Using the physics and appropriate mathematics to calculate a set of measurements is called “forward modeling.” The DC resistivity forward modeling problem involves describing potentials everywhere as a function of conductivity in the ground, geometry, and input current. It requires three fundamental relations:

\[\begin{split}&(a) \quad \textbf{J} = \sigma \textbf{E} \quad &&\textrm{Ohm's Law} \\[0.4em] &(b) \quad \textbf{E} = - \nabla V \quad &&\textrm{The electric field is the negative gradient of a scalar potential.} \\[0.4em] &(c) \quad \nabla \cdot\ \textbf{J} = - \partial{Q} / \partial{t} \quad &&\textrm{The divergence of current density equals the rate of change of free charge density.}\end{split}\]

We want to obtain a differential equation and boundary conditions to define the forward problem that will allow us to relate conductivity everywhere to potential everywhere. Start by combining (a) and (b) to say \(\textbf{J} = \sigma \nabla V\), then plug this into (c) to get

\[\nabla \cdot\ (\sigma \nabla V) = \partial{Q} / \partial{t} \quad (2)\]

This holds for steady state conditions everywhere, except at the source position \(r = r_s\), where it equals the input current, \(I\).

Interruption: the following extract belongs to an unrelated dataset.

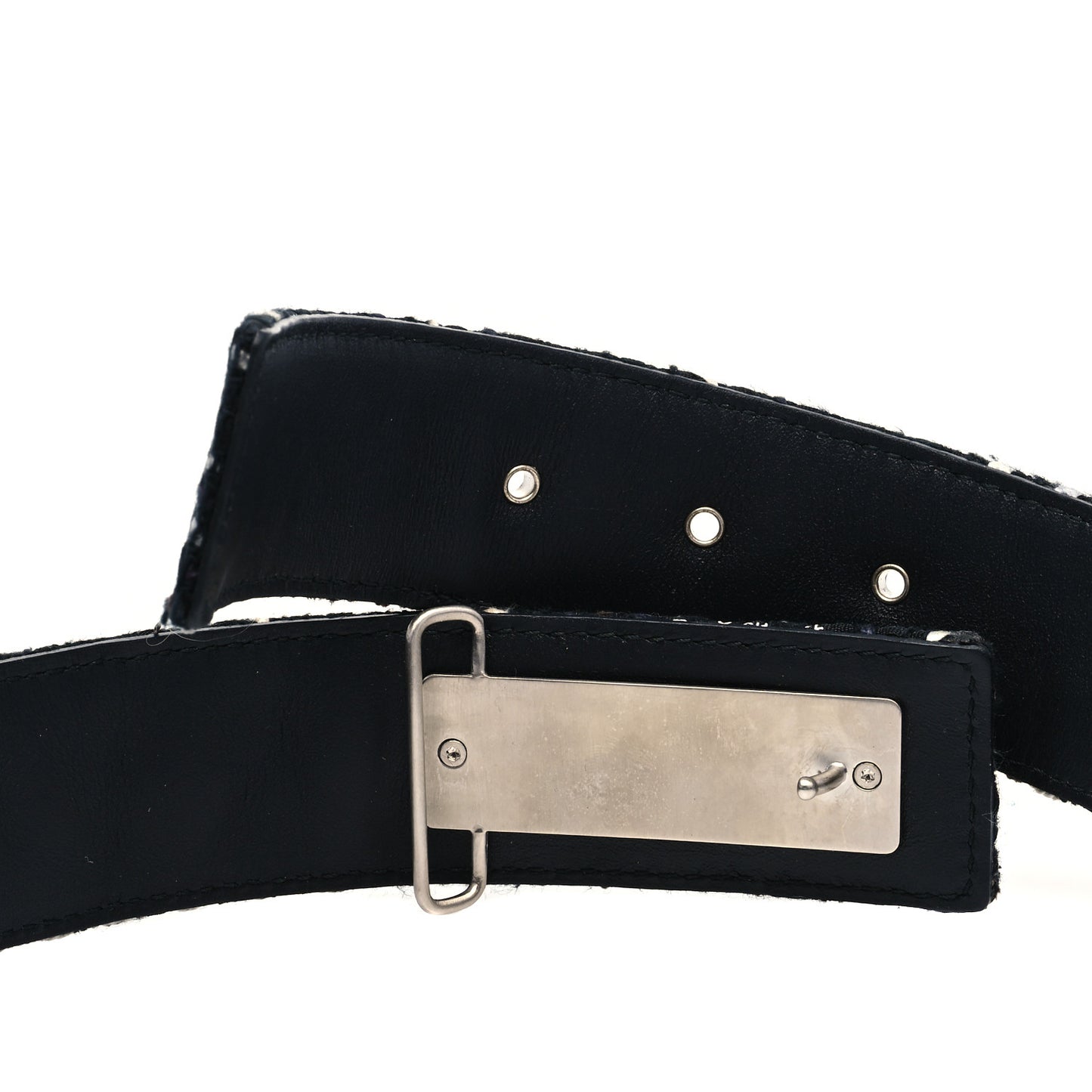 Tweed Logo Belt 75 30 Black Multicolor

In other words, charge does not accumulate under steady state conditions, except at the point of the source.

Equation (2) can be re-written as

\[\nabla \cdot\ (\sigma \nabla V) = I \delta (r-r_s) \quad (3)\]

The Dirac delta function is used here to indicate that charge density is varying only at the point source of current.

Boundary conditions that must hold are:
  1. The change of potential across the free surface is zero (\(\partial{V}/\partial{n} = 0\) at \(z=0\)), and

  2. \(V\) approaches 0 as \(r - r_s\) approaches infinity.

This differential equation (3) and the two boundary conditions define the forward problem that relates conductivity everywhere in the ground to potential measured anywhere within or on the surface of the ground. This problem can be solved numerically using finite element or finite volume techniques.


Dey , A. and H.F. Morrison, 1979a, Resistivity modelling for arbitrarily shaped two-dimensional structures, Geophysical Prospecting, 27, 106-136.

Dey, A. and H.F. Morrison, 1979b, Resistivity modeling for arbitrarily shaped three-dimensional structures, Geophysics, 44, no. 4, 753-780.

McGillevry, P.R., 1992, Forward modelling and inversion of DC resistivity and MMR data, unpublished PhD. thesis, UBC.